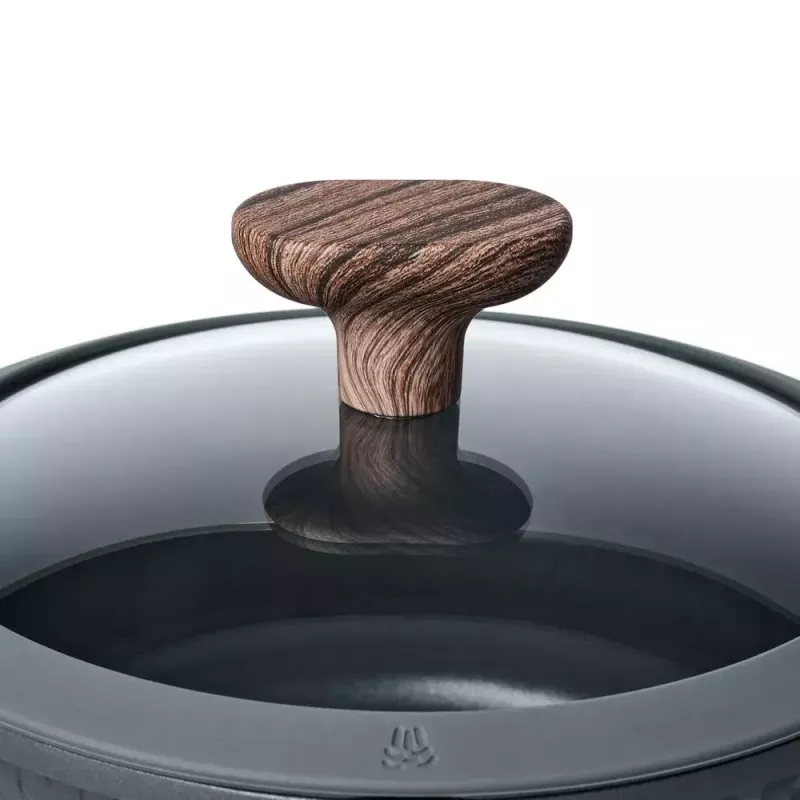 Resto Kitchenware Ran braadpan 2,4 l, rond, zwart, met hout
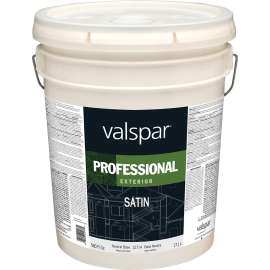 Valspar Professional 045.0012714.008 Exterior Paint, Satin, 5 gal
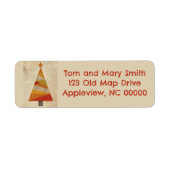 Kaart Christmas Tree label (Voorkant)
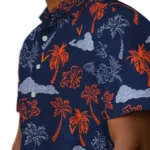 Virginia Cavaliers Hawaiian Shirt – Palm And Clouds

---

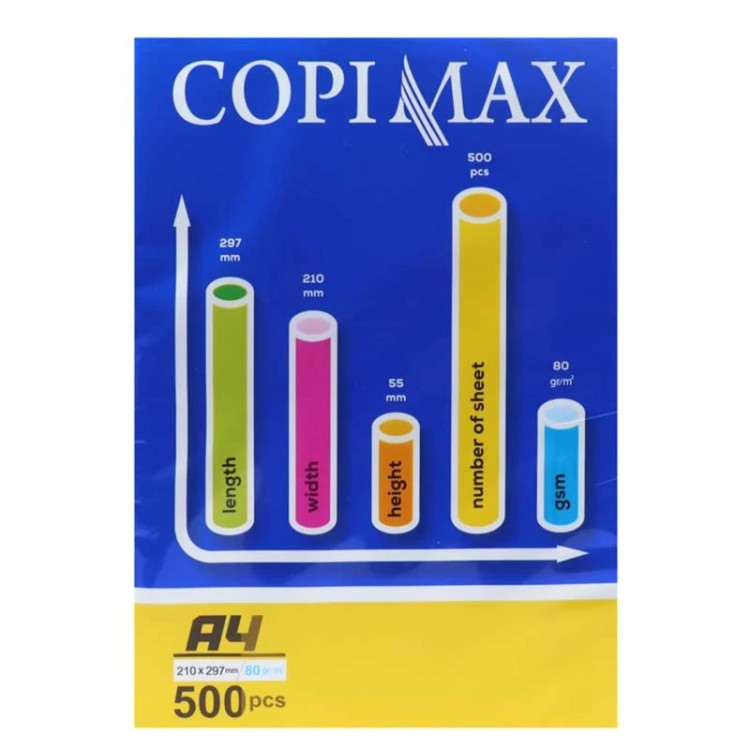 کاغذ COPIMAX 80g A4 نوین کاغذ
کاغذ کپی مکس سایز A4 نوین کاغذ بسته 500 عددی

• **Action item**
Pictures do not belong in the answer. Return the lines above starting at the one with "کاغذ COPIMAX 80g A4 نوین کاغذ" and ending at the one with "کاغذ کپی مکس سایز A4 نوین کاغذ بسته 500 عددی", both kept, exactly.

• **Task response**
 کاغذ COPIMAX 80g A4 نوین کاغذ
کاغذ کپی مکس سایز A4 نوین کاغذ بسته 500 عددی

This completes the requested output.